Section 4191 of the Internal Revenue Code imposes a 2.3% excise tax on the sale of certain medical devices by the manufacturer or importer of the device. The excise tax was established by the Affordable Care Act to help pay for expanded enrollment in health insurance. The tax applies to sales of taxable medical devices after Dec. 31, 2012.
But payment of the tax has been suspended since its establishment. It was finally supposed to go into effect January 1 of this year.
Medical device manufacturers felt relief when the tax was again delayed in February, and with the suspension retroactive to the beginning of the year. The tax is now set to go into effect on Jan. 1, 2020. Some are hoping for a permanent repeal before the end of the current moratorium. Estimates range as high as $3.7 billion in describing the taxes saved by device companies over this latest two-year suspension.

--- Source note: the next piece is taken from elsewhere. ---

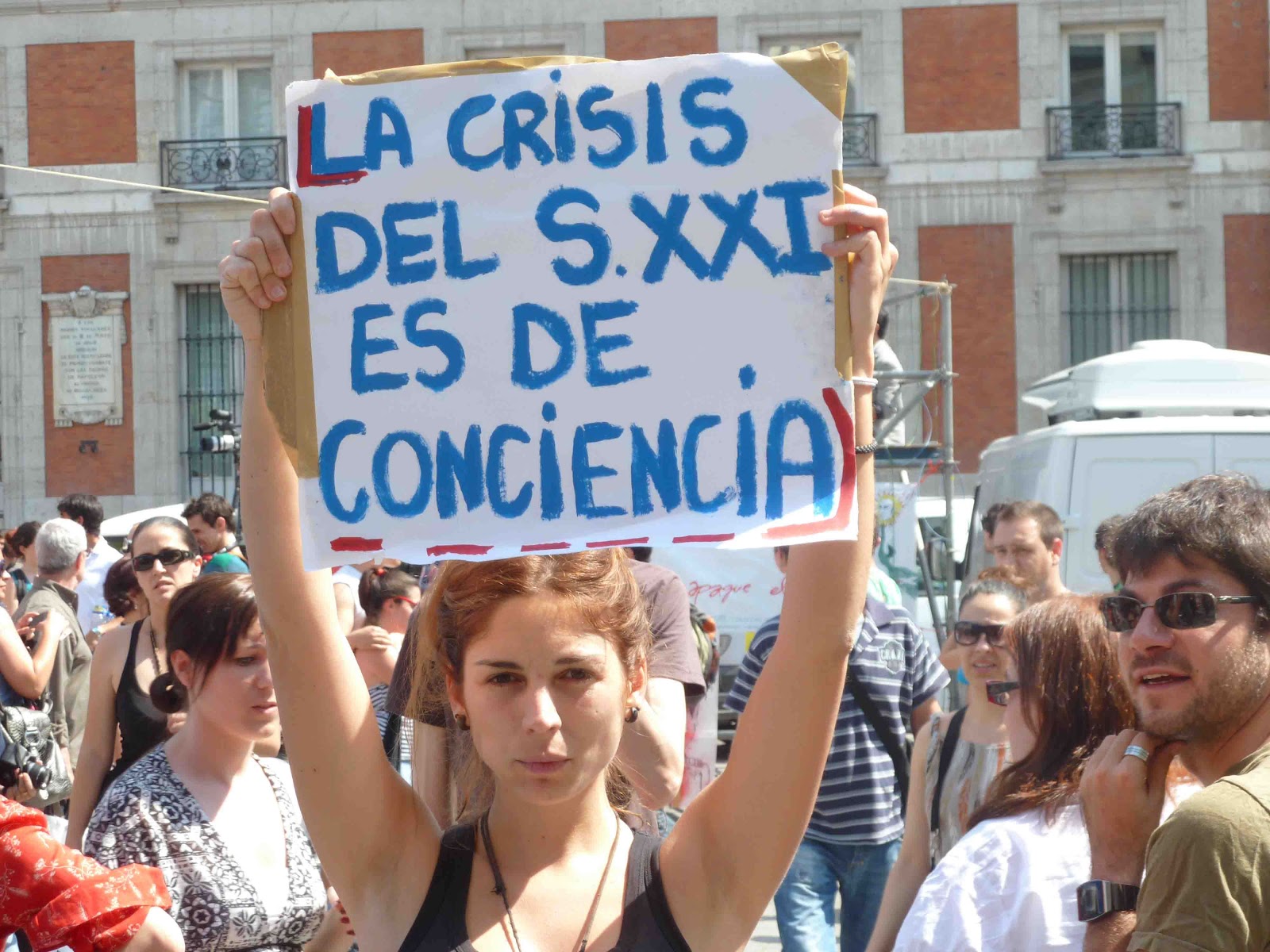 http://elromancesonambulo.blogspot.com.es/2013/12/la-rana-que-no-sabia-que-se-estaba.html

The tax was strongly opposed by the $150 billion a year industry that produces everything from catheters to pacemakers and artificial joints. In Congress, it was unpopular not only with Republicans but many Democrats from states like Massachusetts and Minnesota with large numbers of medical device companies, according to a January 2 article in USA Today.
The term “excise tax” is somewhat redundant, as an “excise” is defined as a tax levied on certain goods and commodities produced or sold within a country and on licenses granted for certain activities. They can be levied at the federal, state, and local level.

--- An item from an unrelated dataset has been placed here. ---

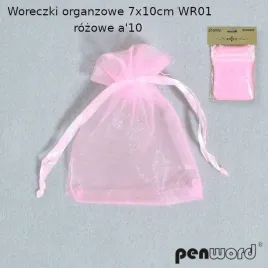 woreczki-organzowe-rozowe-7x10cm-10szt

Today, an excise tax is levied on a particular product or service, usually calculated as a specific fee per unit of the product or service, but sometimes as a percentage of value.
One important example is the fuel tax imposed at federal and state levels to fund the construction and repair of transportation infrastructure. Similarly, excise taxes on alcohol and tobacco fund health education projects and other programs. Other examples include a 75-cent-per-dose tax on mandatory vaccinations and a 10 percent tax on tanning sessions. Municipalities in many states also impose excises, on items and services like firearms, ammunition, sport-fishing equipment, wagering, and telephone calls.
The slashing of the overall corporate tax from 35% to 21% may soften the blow for some manufacturers, industry officials said. But the excise tax is applied to sales and not income, so its effect will likely be felt more by smaller firms, and startups with promising new products that haven’t yet made money for their developers.
As with all such important issues before Congress, continued discussion that includes all stakeholders should yield workable solutions.